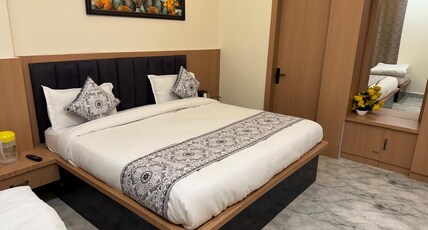 Hotel Shri Radhavan Room Type - Super Deluxe Triple Bed Room
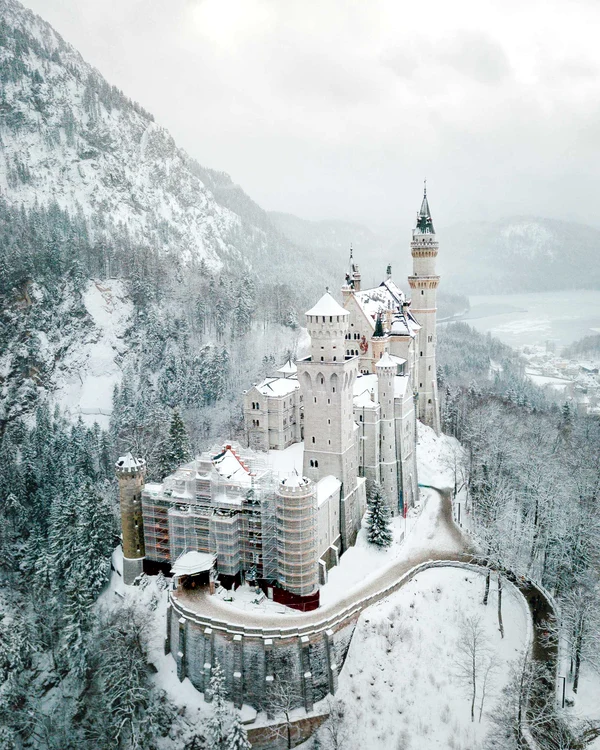 Neuschwanstein FOTO FindUSLost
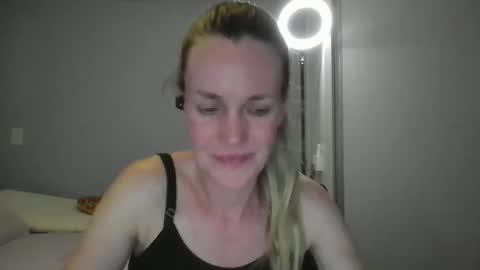 Snapshot of crazyanny chatting on December 17, 2025, 12:27 am Anny online show from December 17, 2025, 12:27 am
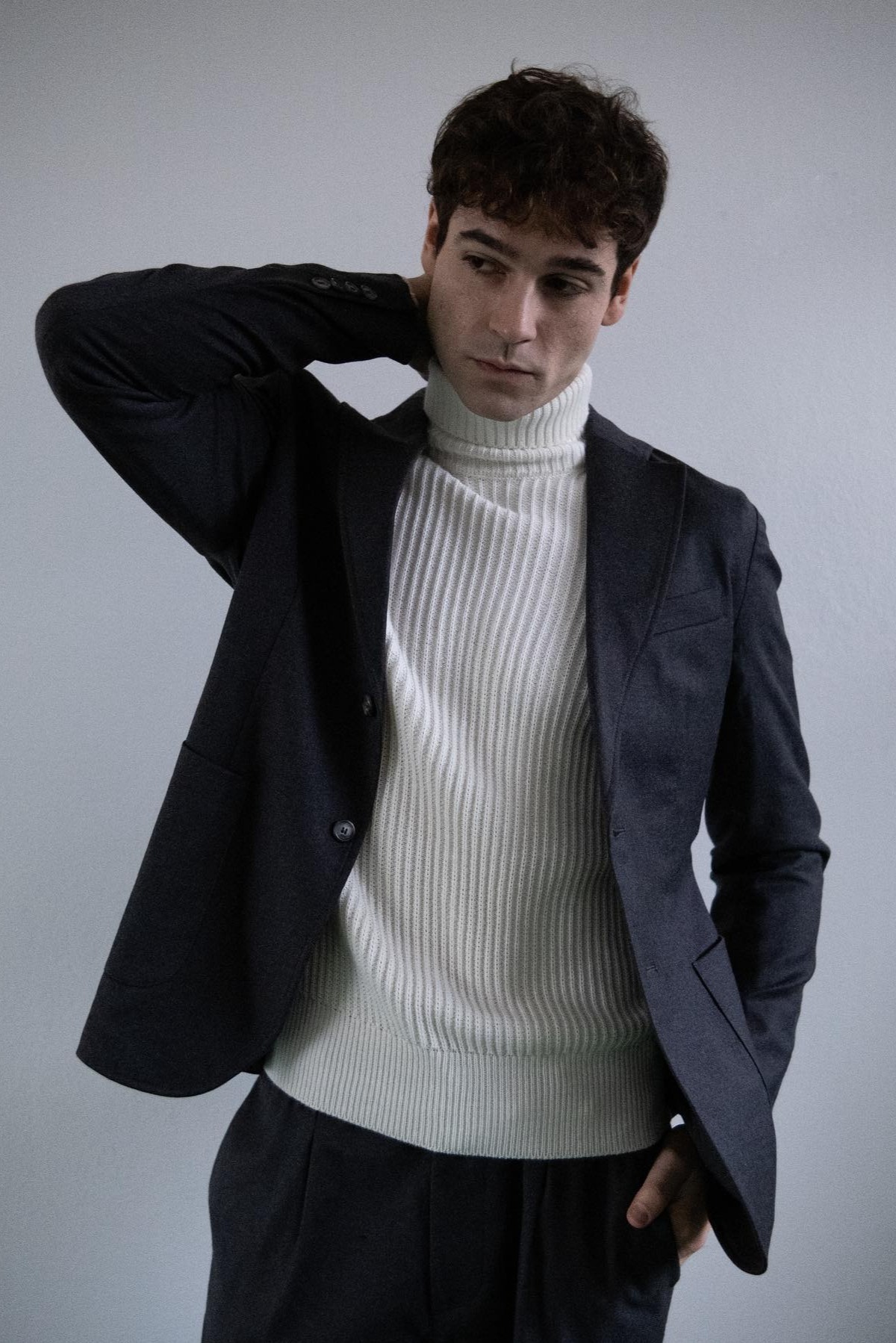 Radu, model in Milan — picture 2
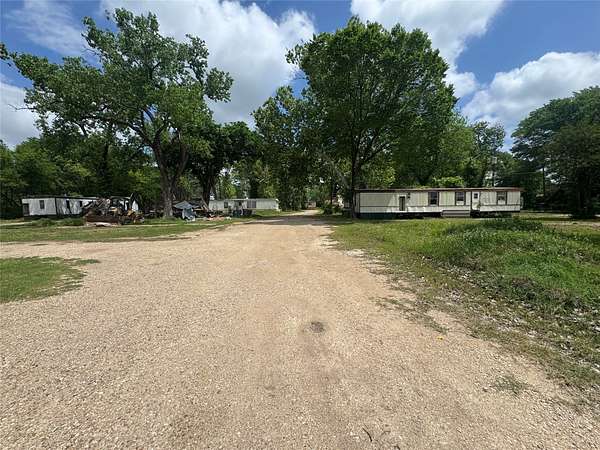 5.1 Acres of Mixed-Use Land for Sale in Waco, Texas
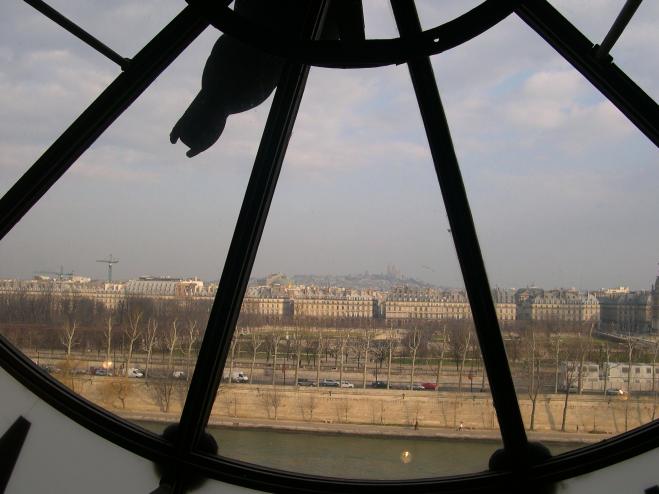  Paris vu  à travers l'horloge du musée d'Orsay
━━━━━━
● **WHAT TO PRODUCE**: Everything from the line with "Snapshot of crazyanny" through the last line above should be reproduced exactly, both ends included; pictures must be omitted.

● **WRITTEN SOLUTION**:
 Snapshot of crazyanny chatting on December 17, 2025, 12:27 am Anny online show from December 17, 2025, 12:27 am
 Radu, model in Milan — picture 2
 5.1 Acres of Mixed-Use Land for Sale in Waco, Texas
  Paris vu  à travers l'horloge du musée d'Orsay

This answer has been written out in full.